Another example: you have a web application consisting of a few microservices, but it is deployed and configured manually without any automation and thus cannot be easily updated. This is not a Cloud Native approach. If you forgot about microservices in the meantime, here is a definition one more time .

Microservices

These are small applications that work together as a part of a larger application or service. Each microservice could be responsible for a single feature of a big application and communicate with other microservices over the network. This is the opposite of monolithic applications, which bundle all functionality and logic in one big deployable piece (tightly coupled).

In practice, to implement a Cloud Native application, you’ll most likely turn to microservices. Microservices are loosely coupled, which makes it possible to scale, develop, and update them independently from each other. Microservices solve many problems but they also add operational overhead as their number grows, and that is why many of the Cloud Native technologies such as Kubernetes and Helm aim to make microservices easy to deploy, manage, and scale.

Again, strictly speaking, you are not required to run microservices managed by Kubernetes to have Cloud Native architecture. But this combination of containerized, small, loosely coupled applications orchestrated by Kubernetes works very well and paves the way toward Cloud Native. It is much, much easier to implement resiliency, autoscaling, controllable rolling updates, and observability with Kubernetes and containers than doing so with many virtual machines (VMs) and homegrown shell scripts. Kubernetes is also infrastructure-agnostic, which makes it very attractive for many environments and use cases. It can run on bare-metal servers, on VMs, in public and private clouds, and could be consumed as a managed service or run in a hybrid environment consisting of cloud resources and on-premises data centers.

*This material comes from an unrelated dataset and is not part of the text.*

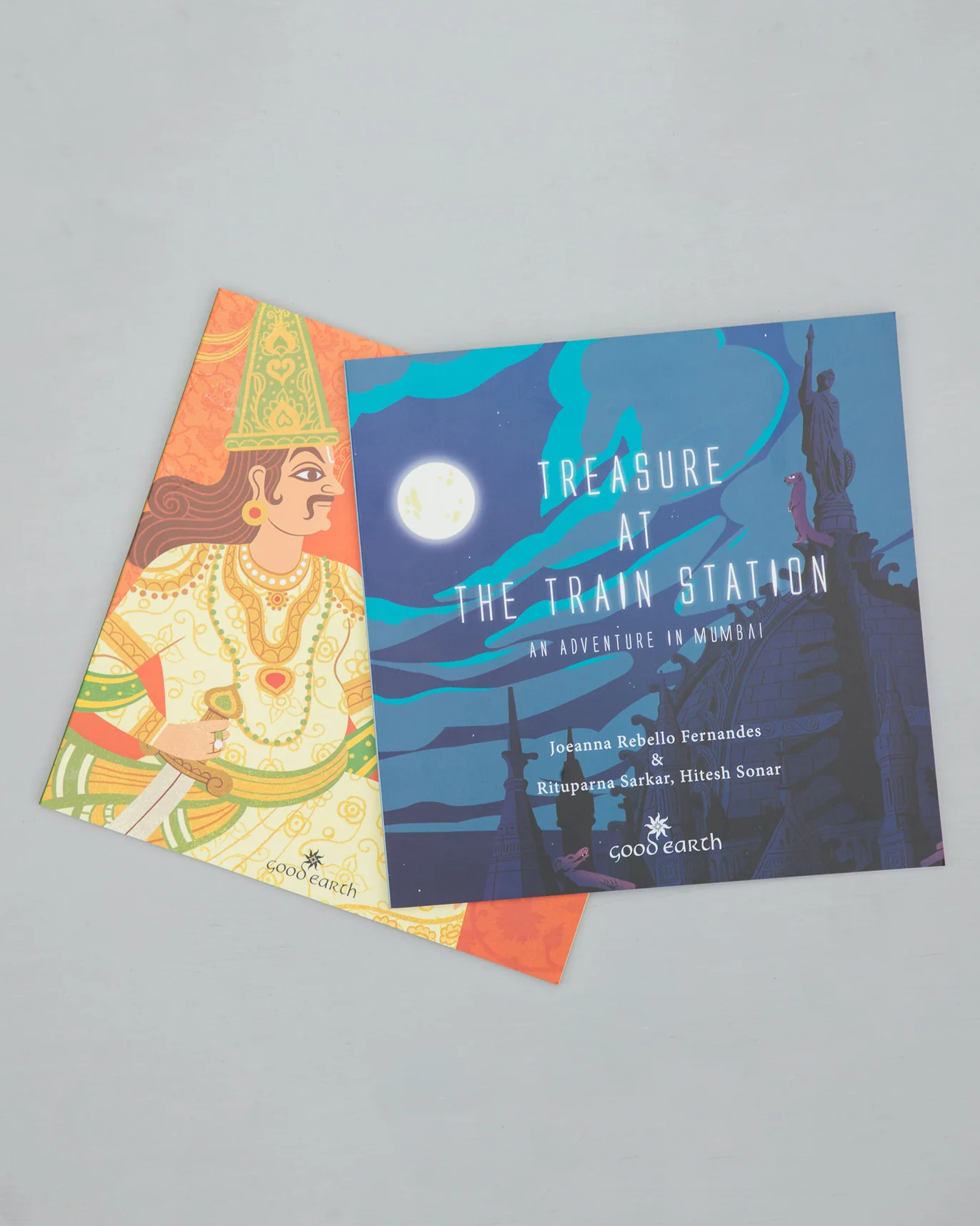Treasure at The Train Station - Image 6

Now, before diving deeper into some of the aspects, let’s see at a high level the benefits Cloud Native provides:

  • Reduced time to market (TTM) – A high degree of automation and easy updates make it possible to deliver new Cloud Native application features rapidly, which offers a competitive advantage for many businesses.
  • Cost efficiency – Cloud Native applications scale based on demand, which means paying only for resources required and eliminating waste.
  • Higher reliability – Cloud Native applications can self-heal and automatically recover from failures. This means reduced system downtime, resulting in a better user experience.
  • Scalability and flexibility – Microservices can be scaled, developed, and updated individually allowing us to handle various scenarios and provide more flexibility for development teams.
  • No vendor lock-in – With the right approach and use of open source technologies, a Cloud Native application could be shifted between different infrastructures or cloud providers with minimum effort.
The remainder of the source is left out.